* [WORK REQUEST]
Copy, word for word, the opening line of the data and each line after it until the line that contains "Gerard Depardieu says he adores Russia", which is included. Leave the pictures out.

* [MATERIAL PROVIDED]
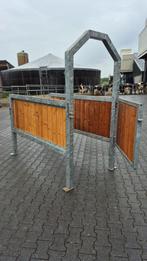 Inseminatie/ controle box voor paarden, Dieren en Toebehoren, Paarden en Pony's | Overige Paardenspullen, Ophalen, Nieuw, Overige soorten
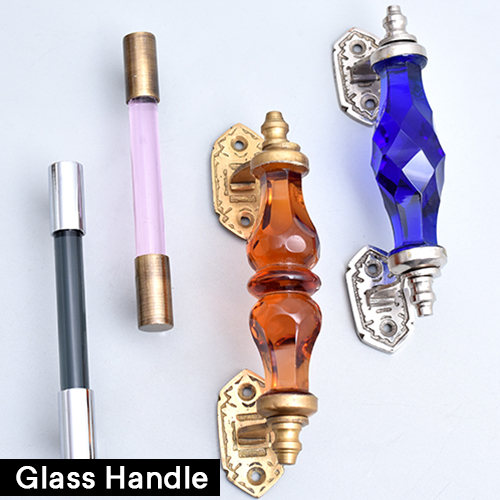 Glass Handles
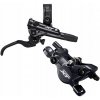 Shimano XT M8100 Post Mount 1700 mm had. + platničky G03S zadná čierna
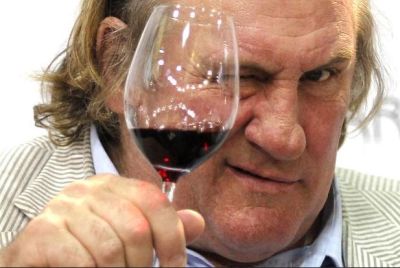 Gerard Depardieu says he adores Russia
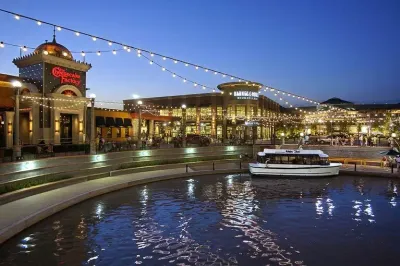 Exploring Retail Paradise: The Woodlands Mall in The Woodlands, TX
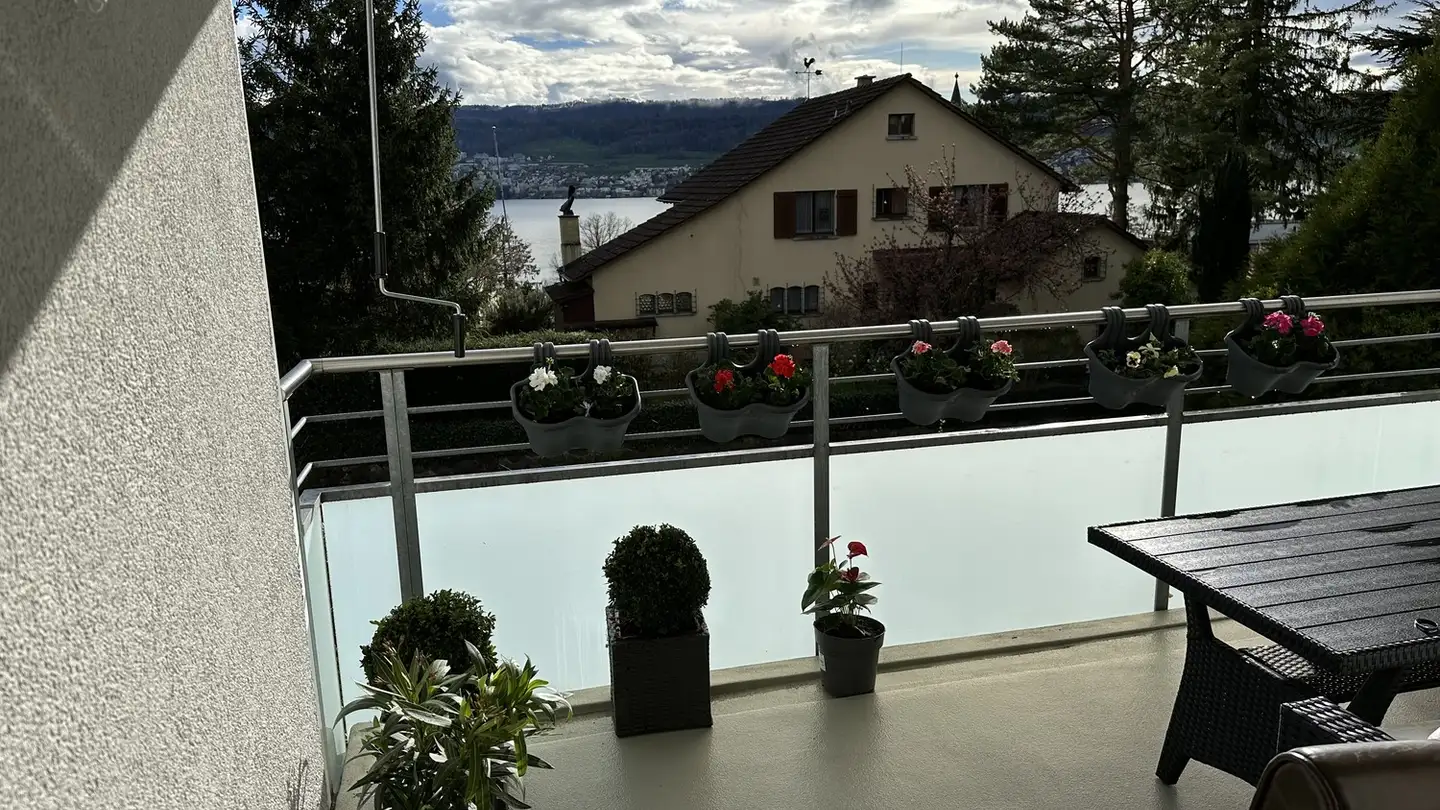 Apartment for rent - Bünishoferstrasse 42, 8706 Meilen - Photo 4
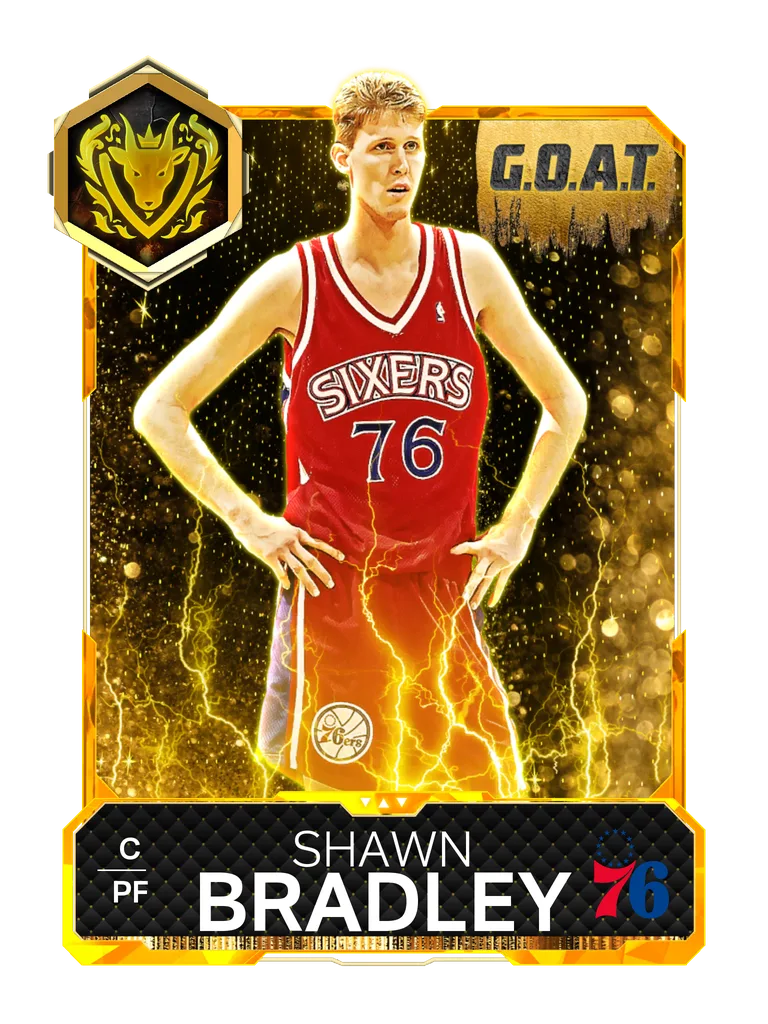 Shawn Bradley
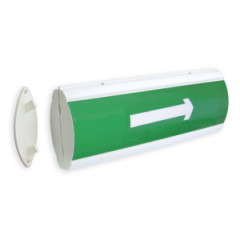 Светоуказатель двусторонний Люкс-12 Д (12В)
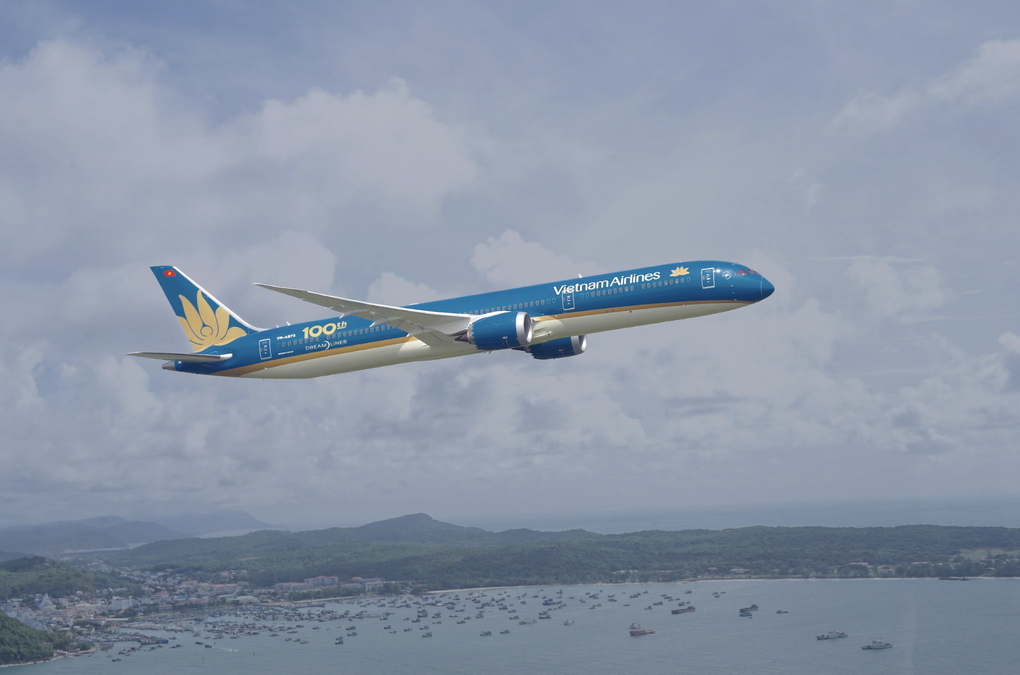 ベトナム航空と国家ブランド力構築の課題 - 1 Vietnam Airlines và bài toán xây dựng sức mạnh thương hiệu quốc gia - 1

* [EXERCISE SOLUTION]
 Inseminatie/ controle box voor paarden, Dieren en Toebehoren, Paarden en Pony's | Overige Paardenspullen, Ophalen, Nieuw, Overige soorten
 Glass Handles
 Shimano XT M8100 Post Mount 1700 mm had. + platničky G03S zadná čierna
 Gerard Depardieu says he adores Russia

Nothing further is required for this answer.